### Task details:
When the line containing "これは実質えちぜん鉄道って言ってもバレへん気がする叡山電車です" is found in the data below, copy it and each line after it through the line containing "Mercedes-Benz CLA 180 Shooting Brake", exactly and with no others.

### Source material:
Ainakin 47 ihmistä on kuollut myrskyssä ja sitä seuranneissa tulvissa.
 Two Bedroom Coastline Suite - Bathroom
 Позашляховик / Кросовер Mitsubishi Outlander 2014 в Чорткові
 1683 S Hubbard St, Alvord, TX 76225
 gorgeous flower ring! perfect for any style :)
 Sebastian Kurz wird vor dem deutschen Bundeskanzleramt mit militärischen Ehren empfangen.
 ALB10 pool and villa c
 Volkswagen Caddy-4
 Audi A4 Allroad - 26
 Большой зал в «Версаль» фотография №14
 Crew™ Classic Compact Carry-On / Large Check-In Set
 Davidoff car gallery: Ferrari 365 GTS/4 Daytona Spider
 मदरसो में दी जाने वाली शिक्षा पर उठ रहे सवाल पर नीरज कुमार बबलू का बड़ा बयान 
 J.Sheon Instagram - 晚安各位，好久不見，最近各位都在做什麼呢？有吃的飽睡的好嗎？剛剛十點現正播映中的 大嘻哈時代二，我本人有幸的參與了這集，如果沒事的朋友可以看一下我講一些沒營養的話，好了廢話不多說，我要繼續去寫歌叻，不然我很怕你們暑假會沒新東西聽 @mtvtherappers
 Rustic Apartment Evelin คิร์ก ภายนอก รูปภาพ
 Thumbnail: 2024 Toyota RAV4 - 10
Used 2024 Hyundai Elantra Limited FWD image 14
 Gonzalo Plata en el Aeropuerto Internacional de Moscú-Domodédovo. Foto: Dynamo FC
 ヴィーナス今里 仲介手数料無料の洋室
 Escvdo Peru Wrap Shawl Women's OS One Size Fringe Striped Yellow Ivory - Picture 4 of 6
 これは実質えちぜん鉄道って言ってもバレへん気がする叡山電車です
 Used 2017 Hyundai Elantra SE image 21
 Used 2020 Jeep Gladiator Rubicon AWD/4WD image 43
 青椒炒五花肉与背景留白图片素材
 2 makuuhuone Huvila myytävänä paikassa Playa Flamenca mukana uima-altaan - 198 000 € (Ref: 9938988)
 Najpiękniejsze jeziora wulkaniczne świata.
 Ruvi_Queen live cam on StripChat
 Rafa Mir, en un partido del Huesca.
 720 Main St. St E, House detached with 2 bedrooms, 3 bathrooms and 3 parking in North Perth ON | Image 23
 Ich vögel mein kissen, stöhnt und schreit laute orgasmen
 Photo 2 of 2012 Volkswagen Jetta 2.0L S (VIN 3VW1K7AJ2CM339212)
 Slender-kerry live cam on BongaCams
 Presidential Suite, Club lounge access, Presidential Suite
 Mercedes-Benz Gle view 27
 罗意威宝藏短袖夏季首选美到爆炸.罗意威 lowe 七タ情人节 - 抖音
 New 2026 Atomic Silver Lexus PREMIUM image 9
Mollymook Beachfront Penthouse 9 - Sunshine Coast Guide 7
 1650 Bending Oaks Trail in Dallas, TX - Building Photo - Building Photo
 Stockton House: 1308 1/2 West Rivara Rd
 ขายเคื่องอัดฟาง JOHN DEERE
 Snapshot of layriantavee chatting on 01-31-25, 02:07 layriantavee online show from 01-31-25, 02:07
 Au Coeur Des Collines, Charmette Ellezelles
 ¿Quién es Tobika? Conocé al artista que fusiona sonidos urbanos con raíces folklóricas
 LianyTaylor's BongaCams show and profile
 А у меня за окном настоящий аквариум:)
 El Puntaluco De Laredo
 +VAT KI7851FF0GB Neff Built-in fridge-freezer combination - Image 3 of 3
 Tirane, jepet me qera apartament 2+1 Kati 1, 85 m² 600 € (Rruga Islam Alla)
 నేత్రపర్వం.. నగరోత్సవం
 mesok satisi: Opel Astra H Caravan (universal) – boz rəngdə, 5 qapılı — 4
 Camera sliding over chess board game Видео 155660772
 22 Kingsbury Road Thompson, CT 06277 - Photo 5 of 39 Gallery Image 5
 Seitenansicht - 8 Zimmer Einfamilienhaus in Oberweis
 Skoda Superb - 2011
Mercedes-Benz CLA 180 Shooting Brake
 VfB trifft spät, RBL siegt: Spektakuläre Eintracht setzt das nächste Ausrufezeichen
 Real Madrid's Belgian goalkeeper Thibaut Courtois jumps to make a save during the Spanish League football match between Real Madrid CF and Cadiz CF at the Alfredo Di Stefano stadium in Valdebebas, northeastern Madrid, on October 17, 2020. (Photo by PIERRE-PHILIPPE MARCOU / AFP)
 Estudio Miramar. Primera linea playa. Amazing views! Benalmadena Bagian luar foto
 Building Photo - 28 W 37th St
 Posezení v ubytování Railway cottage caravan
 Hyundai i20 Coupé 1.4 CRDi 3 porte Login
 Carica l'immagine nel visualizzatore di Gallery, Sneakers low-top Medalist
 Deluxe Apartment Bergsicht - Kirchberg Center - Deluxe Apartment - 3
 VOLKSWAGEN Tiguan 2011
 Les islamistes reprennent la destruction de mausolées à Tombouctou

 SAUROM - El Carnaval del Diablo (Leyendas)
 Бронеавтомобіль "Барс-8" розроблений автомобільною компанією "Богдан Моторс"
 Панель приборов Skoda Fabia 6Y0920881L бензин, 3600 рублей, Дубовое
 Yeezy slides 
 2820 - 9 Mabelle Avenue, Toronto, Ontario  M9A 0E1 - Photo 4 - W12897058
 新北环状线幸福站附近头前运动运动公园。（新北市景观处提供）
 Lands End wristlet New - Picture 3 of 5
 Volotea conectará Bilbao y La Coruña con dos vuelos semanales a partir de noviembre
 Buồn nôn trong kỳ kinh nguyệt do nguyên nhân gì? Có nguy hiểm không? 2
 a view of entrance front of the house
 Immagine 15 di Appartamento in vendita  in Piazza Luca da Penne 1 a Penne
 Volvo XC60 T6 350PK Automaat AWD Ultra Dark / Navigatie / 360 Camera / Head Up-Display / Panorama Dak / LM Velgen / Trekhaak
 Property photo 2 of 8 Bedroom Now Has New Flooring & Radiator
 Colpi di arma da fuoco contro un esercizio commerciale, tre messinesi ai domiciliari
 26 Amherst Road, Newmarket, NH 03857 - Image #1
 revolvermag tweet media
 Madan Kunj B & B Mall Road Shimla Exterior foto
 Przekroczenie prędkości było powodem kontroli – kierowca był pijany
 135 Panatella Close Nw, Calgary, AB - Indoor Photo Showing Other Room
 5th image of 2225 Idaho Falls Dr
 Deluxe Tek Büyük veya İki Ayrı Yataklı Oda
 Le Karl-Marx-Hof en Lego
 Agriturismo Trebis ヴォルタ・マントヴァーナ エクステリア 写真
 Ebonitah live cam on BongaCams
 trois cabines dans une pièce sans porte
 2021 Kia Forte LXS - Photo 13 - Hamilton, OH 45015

### Response to this exercise:
 これは実質えちぜん鉄道って言ってもバレへん気がする叡山電車です
 Used 2017 Hyundai Elantra SE image 21
 Used 2020 Jeep Gladiator Rubicon AWD/4WD image 43
 青椒炒五花肉与背景留白图片素材
 2 makuuhuone Huvila myytävänä paikassa Playa Flamenca mukana uima-altaan - 198 000 € (Ref: 9938988)
 Najpiękniejsze jeziora wulkaniczne świata.
 Ruvi_Queen live cam on StripChat
 Rafa Mir, en un partido del Huesca.
 720 Main St. St E, House detached with 2 bedrooms, 3 bathrooms and 3 parking in North Perth ON | Image 23
 Ich vögel mein kissen, stöhnt und schreit laute orgasmen
 Photo 2 of 2012 Volkswagen Jetta 2.0L S (VIN 3VW1K7AJ2CM339212)
 Slender-kerry live cam on BongaCams
 Presidential Suite, Club lounge access, Presidential Suite
 Mercedes-Benz Gle view 27
 罗意威宝藏短袖夏季首选美到爆炸.罗意威 lowe 七タ情人节 - 抖音
 New 2026 Atomic Silver Lexus PREMIUM image 9
Mollymook Beachfront Penthouse 9 - Sunshine Coast Guide 7
 1650 Bending Oaks Trail in Dallas, TX - Building Photo - Building Photo
 Stockton House: 1308 1/2 West Rivara Rd
 ขายเคื่องอัดฟาง JOHN DEERE
 Snapshot of layriantavee chatting on 01-31-25, 02:07 layriantavee online show from 01-31-25, 02:07
 Au Coeur Des Collines, Charmette Ellezelles
 ¿Quién es Tobika? Conocé al artista que fusiona sonidos urbanos con raíces folklóricas
 LianyTaylor's BongaCams show and profile
 А у меня за окном настоящий аквариум:)
 El Puntaluco De Laredo
 +VAT KI7851FF0GB Neff Built-in fridge-freezer combination - Image 3 of 3
 Tirane, jepet me qera apartament 2+1 Kati 1, 85 m² 600 € (Rruga Islam Alla)
 నేత్రపర్వం.. నగరోత్సవం
 mesok satisi: Opel Astra H Caravan (universal) – boz rəngdə, 5 qapılı — 4
 Camera sliding over chess board game Видео 155660772
 22 Kingsbury Road Thompson, CT 06277 - Photo 5 of 39 Gallery Image 5
 Seitenansicht - 8 Zimmer Einfamilienhaus in Oberweis
 Skoda Superb - 2011
Mercedes-Benz CLA 180 Shooting Brake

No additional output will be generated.